No wonder then oil prices lost more than 30 per cent from nearly $86 a barrel in early October to somewhere around $59 a barrel before the latest Opec meeting. After perhaps some hesitation, the fifth Opec and non-Opec Ministeria­l meeting decided to adjust overall production by 1.2 million barrels a day (bpd), effective from January for six months.

The market reaction was not so buoyant as expectatio­ns were for a bigger cut. Brent, as I write, is only $60.22 a barrel even though there has been an outage of some 0.4 million bpd from Libya.

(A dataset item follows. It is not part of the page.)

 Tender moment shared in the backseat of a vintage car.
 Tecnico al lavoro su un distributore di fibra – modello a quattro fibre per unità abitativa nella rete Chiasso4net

Rystad Energy of Norway said: “The agreed production cuts will not be enough to ensure sustained and immediate recovery in oil prices. The muted market reaction seen thus far comes as no surprise to us.”

However, the agreement may have certainly stopped the rot as some expected prices to head further down if the meeting ended without a cut. Oil prices are not strictly dependent on producers’ actions only.

The looming slowdown in global growth, the uncertaint­ies in the outcome of the trade wars, and their negative impact on oil demand in addition to the still buoyant production from outside Opec have been influencin­g commodity investors, especially in oil. As usual, investors are also waiting for the actual applicatio­n of the agreed cuts and the mechanism to ensure compliance.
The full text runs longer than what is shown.